Moddus has a fairly wide window of application and can be applied between growth stages (GS) 30 to 39 — stem elongation. And it can be used in a single application as well as split application. Phillips says the most optimal window is between GS 30 to 32.
“I think of it in terms of a fishing rod,” says Phillips. “A fishing rod is thicker at the handle and tapers down towards the tip. Applying Moddus during that optimal window will thicken the lower section of stem, whereas a later application may see more thickening of the stem higher up.”
A split application of the PGR may appeal to farmers if they plan to apply half the recommended rate at herbicide timing, with the other half applied at fungicide application timing.
“It just provides farmers with another option and allows them to better manage their crop fertility,” says Phillips. “It has a particularly good fit in higher-production areas where farmers are following high-input regimes.”
Sheri Strydhorst, a longtime agronomy research scientist with Alberta Agriculture, who has recently joined Alberta Wheat and Barley Commissions, has researched plant growth regulators for several years.
“PGRs can certainly have a fit in helping farmers manage their fertility in cereal crops,” she says. “But farmers need to remember that PGRs are a harvest aid and are not intended to increase yield. The idea is to keep the crop standing and reduce the risk of losses due to lodging.”
She also cautions that although PGRs may be registered for all cereals, their effectiveness can vary by type of cereal, by variety and by growing-season conditions. She says using a PGR doesn’t make crops bulletproof. If the crop is exposed to severe wind and rain for example, nothing may be able to save it. “So the results can be somewhat variable and unpredictable,” she says.
Moddus is registered for wheat, oats and barley, Strydhorst says, but appears to be most effective on barley. Field research has shown that the PGR Manipulator appears to be more effective on wheats, and on AAC Brandon wheat in particular.
In a high-yield-producing region like southwestern Alberta, agronomist Craig Shand says Moddus is definitely a tool that producers will be looking at.
“We have deep, rich, high-organic-matter soil over much of the area between Innisfail and Calgary,” says Shand, owner of Chinook Agronomics. “And a lot of producers, once they get up to 60 to 65 pounds of nitrogen on their barley, begin to hold back to reduce the risk of lodging. With a product like Moddus, they are going to be able to use higher fertility and push for higher yields with reduced risk of lodging.”
Along with yield potential, with improved harvestability with a standing crop, farmers may be able to combine 25 per cent more acres per day.
Shand says over the past decade he has been involved with high-yield cereal research projects involving the use of PGRs such as Manipulator on wheat and Ethrel on barley. The research showed by being able to increase fertility, over a five-year period, wheat had an average seven-bushel yield increase while barley had an average nine-bushel yield increase. “It worked out to be up to a 3:1 return on investment by using PGRs, which is a pretty good return to producers,” he says.
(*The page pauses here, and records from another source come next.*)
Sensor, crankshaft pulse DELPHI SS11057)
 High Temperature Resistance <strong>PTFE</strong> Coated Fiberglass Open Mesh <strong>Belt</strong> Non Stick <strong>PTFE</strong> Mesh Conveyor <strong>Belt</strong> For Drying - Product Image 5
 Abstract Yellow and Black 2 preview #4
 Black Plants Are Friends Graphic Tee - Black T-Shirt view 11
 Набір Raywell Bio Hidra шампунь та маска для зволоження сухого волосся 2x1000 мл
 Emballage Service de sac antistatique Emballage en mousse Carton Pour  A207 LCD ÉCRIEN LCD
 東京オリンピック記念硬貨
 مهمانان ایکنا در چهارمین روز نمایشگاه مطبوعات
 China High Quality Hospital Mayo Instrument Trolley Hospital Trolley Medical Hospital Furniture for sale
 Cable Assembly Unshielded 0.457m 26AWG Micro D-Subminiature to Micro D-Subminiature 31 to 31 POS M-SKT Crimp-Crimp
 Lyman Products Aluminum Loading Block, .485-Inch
Ethrel can be an effective PGR, but it has a very narrow four- to five-day window of application, whereas Manipulator and Moddus both have the wider GS 30 to 39 window if needed, along with an optimal range.
“I believe farmers are excited about the prospect of being able to push barley yields beyond that 100-bushel limit without fear of the crop falling flat,” says Shand. “With my clients, I know Manipulator will be the go-to recommendation for use on wheat and Moddus will be the go-to product for barley.”